Now, unlike “Defiance” - which is deliberately hyped up to eleven with screaming electronic sounds - EUROPA REPORT is notably subdued. MCCREARY shows remarkable restraint, keeping the music at a temperate level even when he needs to communicate shock and excitement. Sure, the bombast of “Defiance” may be more unique and memorable, but EUROPA REPORT is arguably a more beautiful, tonally-consistent album.
The recurring haunting strings portray space as simultaneously beautiful, terrifying and sad in the same way as Murray Gold piece entitled “The Impossible Planet” (yes, I’m referencing Doctor Who). Simple, atmospheric strings play into an otherwise silent sonic landscape. Through sound the wonder of space itself is realized effectively. Many similarities can also be drawn to Clint Mansell’s “Moon”, another low-key psychological space drama. Both scores feel restrained yet are undoubtedly beautiful. Both are eerily quiet at times, which effectively draws suspenseful atmosphere. Furthermore, they both underscore the narrative - building an atmosphere rather than describing the action itself. “Moon” only has one evident theme, which it uses many times in varying flavours. The case is the same in EUROPA REPORT.
So is it repetitive? The answer is absolutely yes. But do I mind? No, for the most part I do not. There is one main melody used throughout the score. It is used to communicate a variety of themes and emotions: hope, loss, fear, wonder and adventure. It’s a well-layered and very adaptable theme, and I still enjoy hearing it by the final track.
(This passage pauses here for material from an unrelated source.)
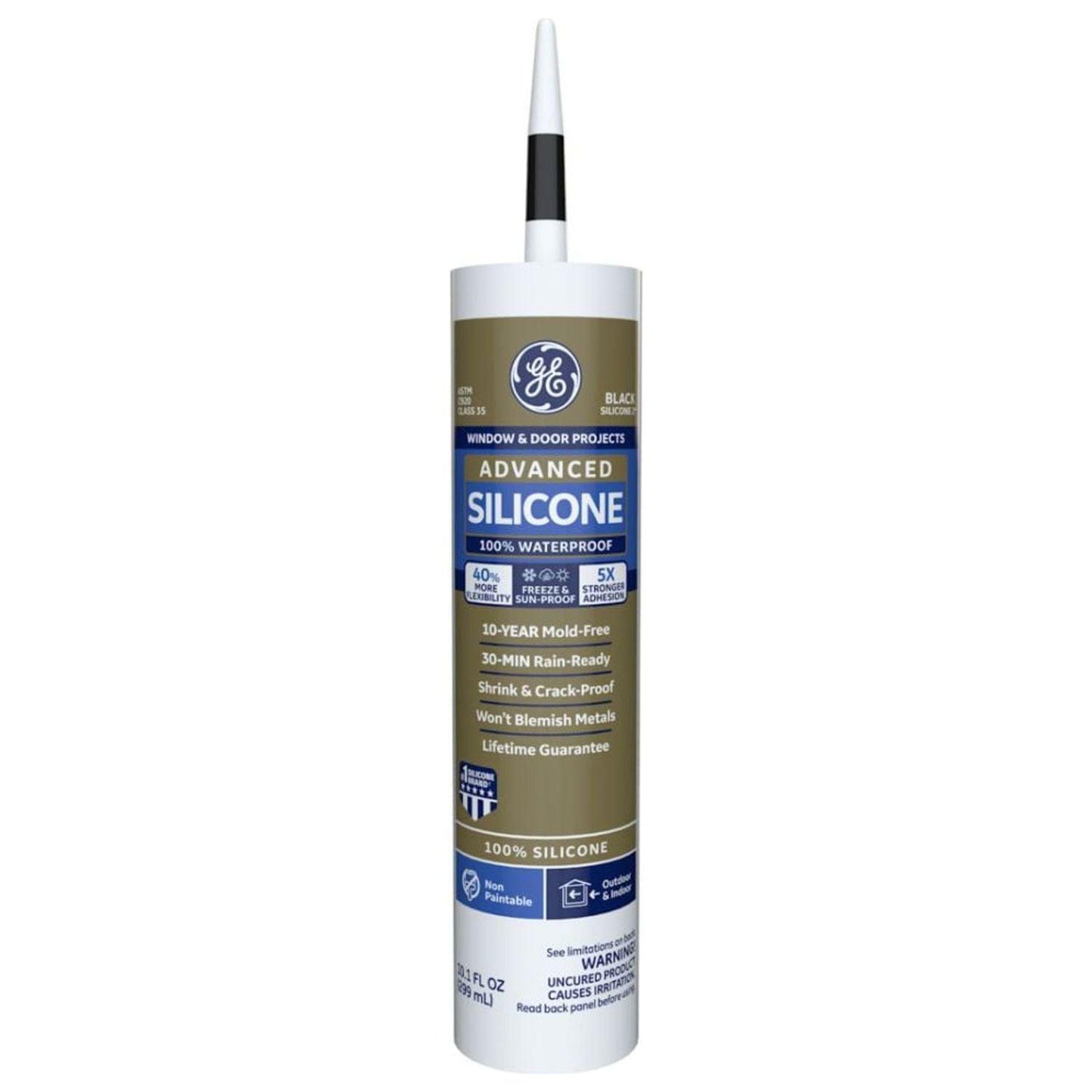 (12 pack) GE Advanced Silicone Window &amp; Door Sealant. Pack of 1. Black 10.1 fl oz Cartridge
Sure, a second recurring melody would have been welcome, but the lack of diversity through the score does not ruin my enjoyment. Small changes in instrumentation are used to combat monotony through the album. For example “Water” (8) features the welcome addition of a poignant vocal track, and the main theme sounds good on piano in “Europa Report (For Solo Piano)” (6). Whereas I think Mansell’s “Moon” soundtrack becomes quite dull around the edges due to it’s long uneventful tracks, EUROPA REPORT maintains my interest to the last cue. Sure, it sags in energy around the middle, but it feels like a natural emotional progression. Finale-vibe kicks in as the energy picks up in “That Brings Us to Now” (11), a track which at one point incorporates a heavy load of sound design when a frantic cluster of descending string notes imply a horrific moment on-screen. It certainly gives me a sinking feeling.
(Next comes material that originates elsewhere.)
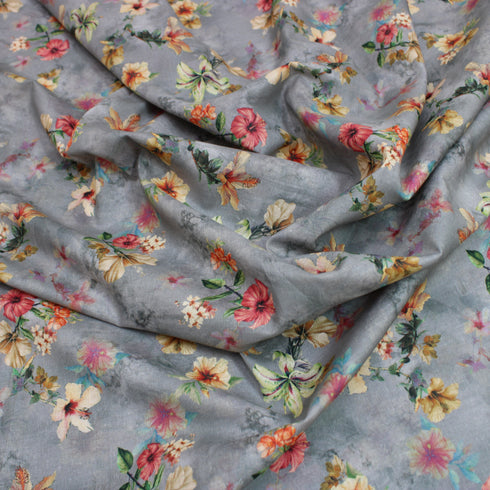 3 Metres Printed Cotton Lawn, 'Grey Lillies' - 58" Wide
It's pretty clear that I am really fond of this score by BEAR MCCREARY. While I don’t think it’s anything new or unexpected, it's another very solid entry in the space exploration genre. It takes the tension of a thriller and the magic of an adventure and melds the two together with understated radiance. Ultimately, EUROPA REPORT’s only downfall is a lack of diversity, but if the title theme grabs you you’ll enjoy the journey. A treat for science fiction fans.